In de derde uitspraak is de rechter van mening dat in deze kwestie geen sprake is van een gebrek, terwijl een wettelijk voorschrift tot gedwongen sluiting een gebrek kan opleveren, omdat de gedwongen sluiting krachtens overheidsvoorschrift “een aan de huurder toe te rekenen omstandigheid is als bedoeld in artikel 7:204 lid 2 BW”. De rechter meent dan ook dat de sluiting voor rekening van huurder komt. De rechter noemt nog dat verdedigbaar is dat de sluiting van overheidswege een omstandigheid is die ingevolge artikel 6:75 BW krachtens de in het verkeer geldende opvattingen voor rekening van de huurder komt. De huurder had dan ook geen recht op huurprijsvermindering.
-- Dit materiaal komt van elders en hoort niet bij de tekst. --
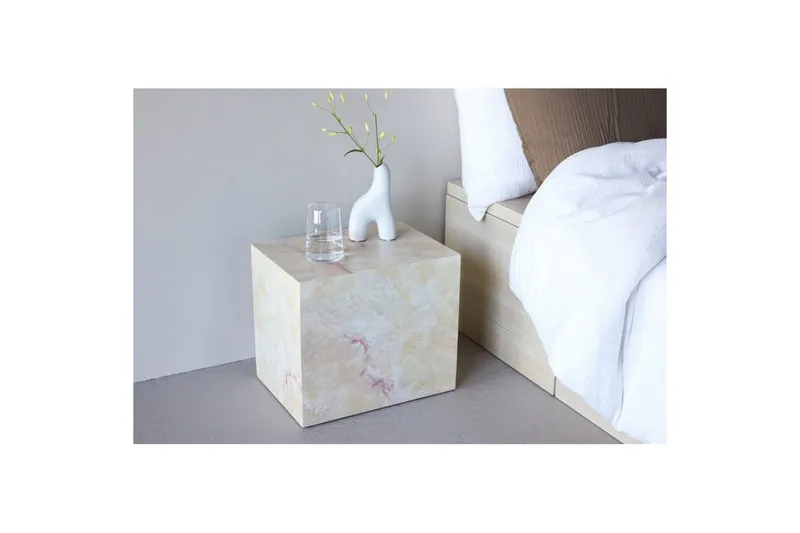 Sidobord York - 35x25x30 - Möbler - Vardagsrum - Soffbord & vardagsrumsbord - Sidobord & lampbord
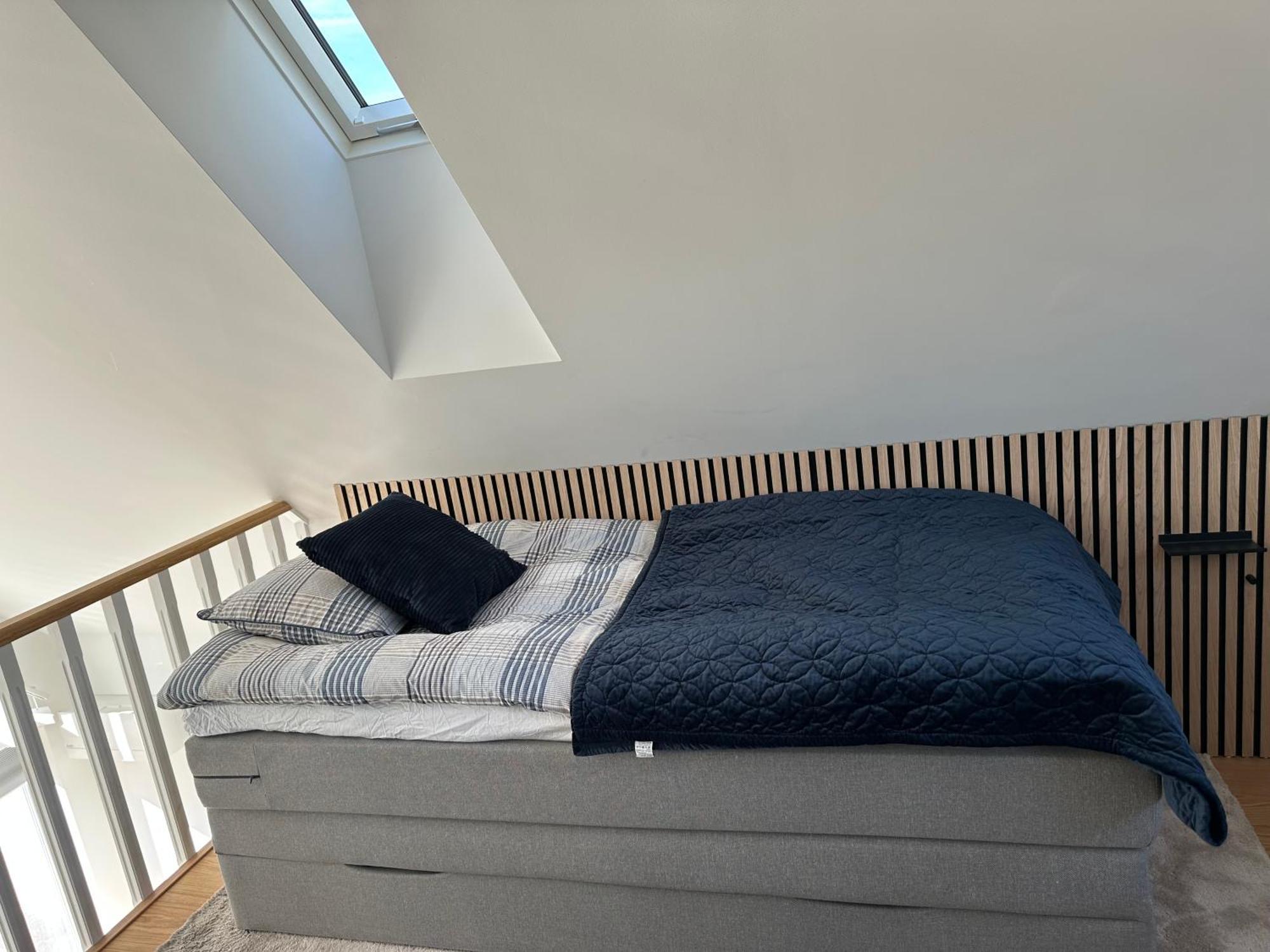 Nikos House; Apartment Stockholm Exterior photo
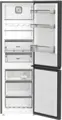Whirlpool WHK 26362 XBR4E alulfagyasztós hűtőszekrény 3. kép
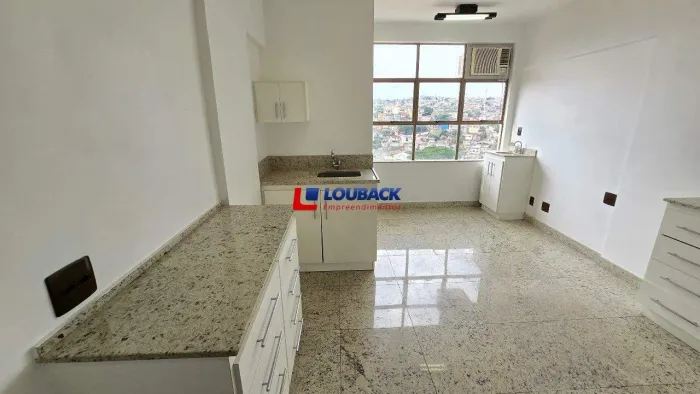 Sala Comercial para Aluguel na Inconfidência - BH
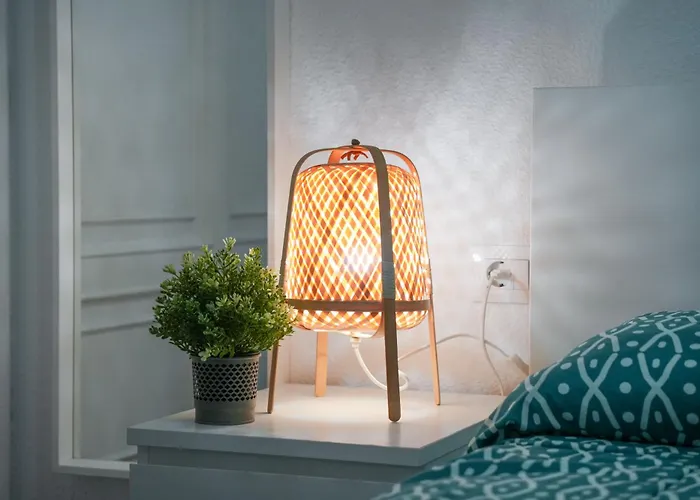 Caroline's Tropical Paradise Apartman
Ook voor verhuurder en huurders van woonruimte zijn de gevolgen van Covis-19 groot. De grootste partijen binnen de verhuur van woonruimte hebben met elkaar afgesproken om geen huisuitzettingen te doen. Ook kan vanaf 1 april 2020 een beroep worden gedaan op het wetsvoorstel Tijdelijke wet verlenging tijdelijke huurovereenkomsten. In deze wet is opgenomen dat huurders van woonruimte met een einddatum tussen 1 april 2020 en 30 juni 2020 tijdelijk verlenging van de huurovereenkomst met één, twee of drie maanden tot uiterlijk 1 september 2020 kunnen krijgen, zonder dat huurbescherming ontstaat.